NSA phone records program diminished, not dead
Although the National Security Agency, in complying with USA Freedom Act, scaled back its practice of collecting bulk telephone records at the end of November, many privacy advocates remain concerned.
They say the legislation, passed earlier this year to limit NSA collection powers under the antiterrorism Patriot Act, doesn’t clearly define the agency’s record collection limitations or prevent it from seeking other legal authority, such as a presidential executive order, to resume bulk collection.
The USA Freedom Act “potentially leaves room for maybe not nationwide collection, but still surveillance that’s going to suck up the information of a lot of innocent people,” says Neema Singh Guliani, a legislative counsel with the American Civil Liberties Union. “Maybe it’s not everyone in America, but maybe it’s hundreds of people, or potentially thousands of people.”
“There are a lot of unknowns about how, exactly, the FISA court will interpret the language in the USA Freedom Act,” — Harley Geiger, senior counsel, Center for Democracy & Technology
One big question about the NSA phone records program, going forward, is how the Foreign Intelligence Surveillance Court (FISC) will interpret the USA Freedom Act. The law requires the NSA to use specific selection terms to target U.S. telephone and business records, and it prohibits the agency from collecting all records from a city or ZIP code, but it does not define “specific selection term.”
Since 2006, FISC has allowed the NSA to collect all U.S. phone records by broadly defining the Patriot Act’s requirement that records collected be “relevant” to an ongoing terrorism investigation. And while the new law requires the court to declassify its significant opinions, it does not clearly define how “significant” a publicly revealed such opinion should be, Guliani says.
“There are a lot of unknowns about how, exactly, the FISA court will interpret the language in the USA Freedom Act,” says Harley Geiger, senior counsel at the Center for Democracy & Technology. “It’s difficult at this very early juncture to assess how effective the legislation is at ending large-scale surveillance.”
Privacy groups will keep an eye on FISC, says Mark Jaycox, a legislative analyst at the Electronic Frontier Foundation. “We know that the intelligence community often plays word games, but the transparency provisions in the USA Freedom Act attempt to make sure the public is fully informed about the replacement program,” he says. “Ideally, the provisions should flag any concerns by revealing important FISA Court orders to the public.”

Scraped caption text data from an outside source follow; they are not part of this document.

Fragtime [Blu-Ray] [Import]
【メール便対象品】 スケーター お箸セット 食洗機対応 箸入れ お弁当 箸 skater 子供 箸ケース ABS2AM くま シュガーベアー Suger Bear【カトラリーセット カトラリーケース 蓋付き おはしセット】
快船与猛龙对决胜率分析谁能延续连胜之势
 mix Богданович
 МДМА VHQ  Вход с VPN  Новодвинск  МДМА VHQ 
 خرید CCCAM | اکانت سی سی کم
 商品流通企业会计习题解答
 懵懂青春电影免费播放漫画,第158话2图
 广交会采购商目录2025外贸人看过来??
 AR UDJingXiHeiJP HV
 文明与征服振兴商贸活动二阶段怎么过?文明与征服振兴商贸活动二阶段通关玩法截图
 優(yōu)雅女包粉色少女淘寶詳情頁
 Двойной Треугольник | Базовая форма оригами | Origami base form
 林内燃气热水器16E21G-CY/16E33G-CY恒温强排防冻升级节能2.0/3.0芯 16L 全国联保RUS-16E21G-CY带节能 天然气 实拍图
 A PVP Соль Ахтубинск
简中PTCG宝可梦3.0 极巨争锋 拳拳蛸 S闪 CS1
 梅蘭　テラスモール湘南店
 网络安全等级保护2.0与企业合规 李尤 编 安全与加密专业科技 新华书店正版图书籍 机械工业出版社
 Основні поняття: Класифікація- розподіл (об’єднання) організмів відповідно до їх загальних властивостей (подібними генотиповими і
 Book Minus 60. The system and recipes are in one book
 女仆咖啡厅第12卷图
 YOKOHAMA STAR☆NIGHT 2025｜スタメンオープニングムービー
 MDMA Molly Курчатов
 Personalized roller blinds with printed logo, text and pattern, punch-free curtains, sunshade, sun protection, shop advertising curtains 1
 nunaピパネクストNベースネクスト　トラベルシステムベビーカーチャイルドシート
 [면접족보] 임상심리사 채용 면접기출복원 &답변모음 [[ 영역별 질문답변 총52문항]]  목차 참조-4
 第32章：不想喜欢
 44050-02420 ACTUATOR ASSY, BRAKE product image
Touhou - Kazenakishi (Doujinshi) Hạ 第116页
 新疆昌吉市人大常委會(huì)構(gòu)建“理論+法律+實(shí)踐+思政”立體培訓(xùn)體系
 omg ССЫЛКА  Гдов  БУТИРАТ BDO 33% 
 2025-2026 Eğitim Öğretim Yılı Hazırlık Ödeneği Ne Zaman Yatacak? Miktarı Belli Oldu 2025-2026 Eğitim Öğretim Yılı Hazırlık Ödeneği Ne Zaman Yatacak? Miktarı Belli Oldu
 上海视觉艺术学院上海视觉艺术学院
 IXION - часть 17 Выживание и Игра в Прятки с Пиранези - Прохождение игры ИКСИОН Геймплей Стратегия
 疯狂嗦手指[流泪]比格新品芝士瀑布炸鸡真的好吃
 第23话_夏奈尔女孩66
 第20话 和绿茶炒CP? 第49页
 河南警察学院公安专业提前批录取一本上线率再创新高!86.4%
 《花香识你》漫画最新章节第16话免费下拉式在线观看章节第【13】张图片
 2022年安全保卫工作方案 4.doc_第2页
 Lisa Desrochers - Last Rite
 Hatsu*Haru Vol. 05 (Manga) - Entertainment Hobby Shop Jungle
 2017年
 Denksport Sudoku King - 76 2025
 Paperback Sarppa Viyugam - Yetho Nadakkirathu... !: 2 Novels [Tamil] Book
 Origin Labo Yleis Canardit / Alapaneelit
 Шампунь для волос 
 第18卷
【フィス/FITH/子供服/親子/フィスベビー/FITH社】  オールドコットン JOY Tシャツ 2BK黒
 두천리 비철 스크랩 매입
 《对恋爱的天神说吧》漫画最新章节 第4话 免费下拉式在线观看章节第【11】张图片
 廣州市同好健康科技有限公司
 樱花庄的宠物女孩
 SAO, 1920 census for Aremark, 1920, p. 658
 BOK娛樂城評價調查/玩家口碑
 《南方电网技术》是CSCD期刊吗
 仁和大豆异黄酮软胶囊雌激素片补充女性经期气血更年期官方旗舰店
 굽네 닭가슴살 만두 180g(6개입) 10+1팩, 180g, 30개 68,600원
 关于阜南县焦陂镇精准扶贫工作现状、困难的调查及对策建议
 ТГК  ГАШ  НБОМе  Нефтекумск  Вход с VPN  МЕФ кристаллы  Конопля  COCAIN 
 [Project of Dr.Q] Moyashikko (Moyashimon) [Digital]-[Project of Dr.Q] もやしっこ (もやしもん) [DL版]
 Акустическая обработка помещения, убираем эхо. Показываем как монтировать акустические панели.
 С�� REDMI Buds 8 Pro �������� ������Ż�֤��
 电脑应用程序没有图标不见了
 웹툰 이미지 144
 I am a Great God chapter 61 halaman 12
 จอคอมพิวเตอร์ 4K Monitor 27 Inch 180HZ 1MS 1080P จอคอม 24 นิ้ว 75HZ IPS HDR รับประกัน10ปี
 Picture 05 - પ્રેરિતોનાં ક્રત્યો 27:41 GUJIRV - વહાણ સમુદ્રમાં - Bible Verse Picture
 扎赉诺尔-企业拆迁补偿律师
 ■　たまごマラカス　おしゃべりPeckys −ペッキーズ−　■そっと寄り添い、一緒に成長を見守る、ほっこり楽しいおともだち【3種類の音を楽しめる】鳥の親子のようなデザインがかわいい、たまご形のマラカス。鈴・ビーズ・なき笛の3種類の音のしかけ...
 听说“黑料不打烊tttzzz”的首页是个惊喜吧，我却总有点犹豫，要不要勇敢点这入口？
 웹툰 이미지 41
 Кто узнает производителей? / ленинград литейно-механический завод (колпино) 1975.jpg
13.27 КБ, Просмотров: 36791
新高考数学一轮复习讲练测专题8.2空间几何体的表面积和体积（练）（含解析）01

Privacy advocates are also concerned with how “the intelligence community might drum up creative interpretations of its statutory authority,” adds Tom Struble, policy counsel at TechFreedom, a libertarian-leaning think tank.
An NSA representative didn’t respond to a request for comment on privacy groups’ concerns. Several members of congressional intelligence committees and some other Republicans, meanwhile, are decrying any new limits on the NSA phone records program, saying a scaled back program will make the United States more vulnerable to terrorism.
Phone records surveillance highlights struggle for security
After an apparent Islamic State-inspired mass shooting in San Bernardino, Calif., last week, the FBI has been “forced to investigate this attack with one hand tied behind their back because our valuable NSA metadata program was shut down just days earlier,” Sen. Tom Cotton, R-Ark., said in a statement.
The attack is serving “as the guinea pig in a giant experiment on our national security. It’s a frightening and uncomfortable thought,” added Cotton, who introduced legislation to roll back the USA Freedom Act changes to the NSA phone records program. “I hope this is the first and only example we see of the danger in shifting from a proven-effective system to a new, untested one purely for political talking points.”
Privacy advocates note that other NSA surveillance programs still enable the collection of large swaths of U.S. residents’ data, including the so-called Prism program, which targets foreign communications. While Prism focuses on surveillance of digital communications overseas, the NSA and CIA can search the collected communications for information about U.S. residents.
Reform of the overseas surveillance programs remains “unfinished business,” Guliani says.
Congress must continue to push for broader surveillance reforms, says Sen. Ron Wyden, D-Ore.
The USA Freedom Act was “the most significant victory for Americans’ privacy rights in over a decade, but the fight to protect Americans’ constitutional rights from government overreach is not over,” he said through a spokesman. “As long as Americans keep demanding policies that protect both their security and their liberty, you can expect to see more reforms.”